The Go Triton Client is a robust and versatile Software Development Kit (SDK) designed to facilitate seamless integration with NVIDIA's Triton Inference Server. This SDK provides both gRPC and HTTP clients, enabling Go developers to interact with Triton for deploying and managing machine learning models with ease.
NVIDIA Triton Inference Server is an open-source inference serving software that simplifies the deployment of AI models at scale. Triton supports models from multiple frameworks (TensorFlow, PyTorch, ONNX Runtime, etc.) and provides features such as dynamic batching, concurrent model execution, and model optimization to maximize the utilization of compute resources.
The Go Triton Client allows Go developers to interact with the Triton Inference Server directly from Go applications. With support for both HTTP and gRPC protocols, it provides a flexible and efficient way to manage models and perform inference requests, leveraging Go's concurrency features and performance benefits.
- NVIDIA Triton Inference Server: https://github.com/triton-inference-server/server
- Dual Protocol Support: Interact with Triton using both gRPC and HTTP protocols.
- Comprehensive Model Management: Load, unload, and query models effortlessly.
- Inference Requests: Perform synchronous and asynchronous inferences with customizable parameters.
- Health Monitoring: Check server and model readiness and liveness.
- Logging Control: Retrieve and update server logging settings.
- Extensible Design: Easily extendable to support additional Triton features.

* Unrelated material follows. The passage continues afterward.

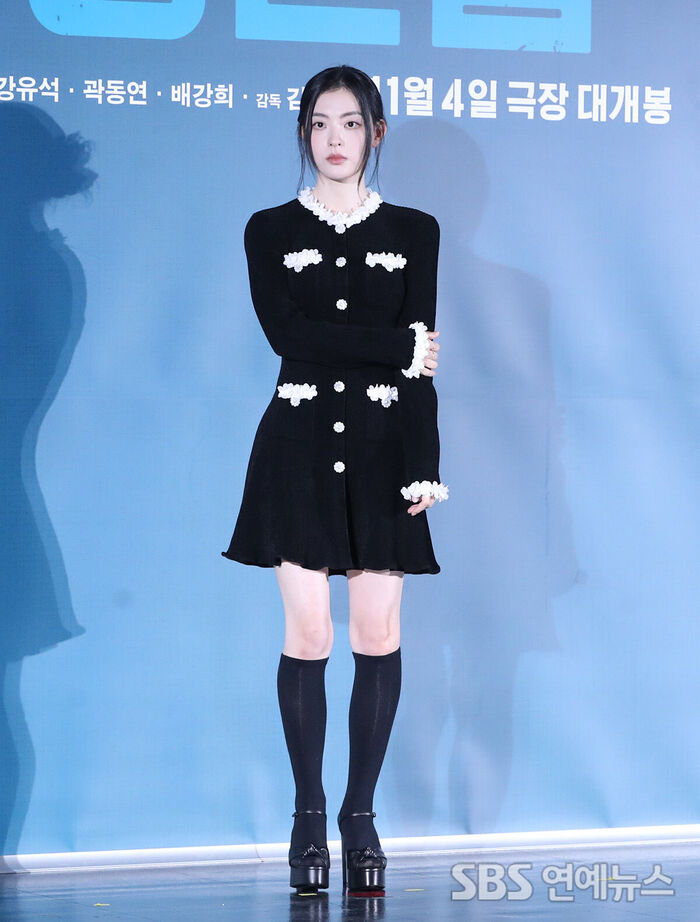 Bae Gang-hee (Photo=Getty Images Korea)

- Go: Ensure you have Go installed (version 1.16 or higher is recommended). Download Go
- Triton Inference Server: Running instance of Triton Inference Server. Triton Installation Guide
You can install the Go Triton Client using go get
:
go get github.com/Trendyol/go-triton-client
The SDK provides two types of clients: gRPC and HTTP. Choose the one that best fits your application's communication needs.
import (
"github.com/Trendyol/go-triton-client/client/http"
"log"
)
func createHTTPClient() {
client, err := http.NewClient(
"triton-server.example.com", // Triton HTTP endpoint (without scheme)
false, // verbose logging
3000, // connection timeout in second
3000, // network timeout in second
true, // use SSL
true, // insecure connection
nil, // custom HTTP client (optional)
nil, // logger (optional)
)
if err != nil {
log.Fatalf("Failed to create HTTP client: %v", err)
}
// Use the client...
}
import (
"github.com/Trendyol/go-triton-client/client/grpc"
"log"
)
func createGRPCClient() {
client, err := grpc.NewClient(
"triton-server.example.com:8001", // Triton gRPC endpoint
false, // verbose logging
3, // connection timeout in second
3, // network timeout in second
true, // use SSL
true, // insecure connection
nil, // existing gRPC connection (optional)
nil, // logger (optional)
)
if err != nil {
log.Fatalf("Failed to create gRPC client: %v", err)
}
// Use the client...
}
Before performing any operations, it's good practice to check the server's health.
import (
"context"
"fmt"
"github.com/Trendyol/go-triton-client/client/grpc" // or "github.com/Trendyol/go-triton-client/client/http"
"log"
"github.com/Trendyol/go-triton-client/options"
)
func checkServerHealth(tritonClient base.Client) {
isLive, err := tritonClient.IsServerLive(context.Background(), &options.IsServerLiveOptions{})
if err != nil {
log.Fatalf("Error checking server liveness: %v", err)
}
fmt.Printf("Server is live: %v\n", isLive)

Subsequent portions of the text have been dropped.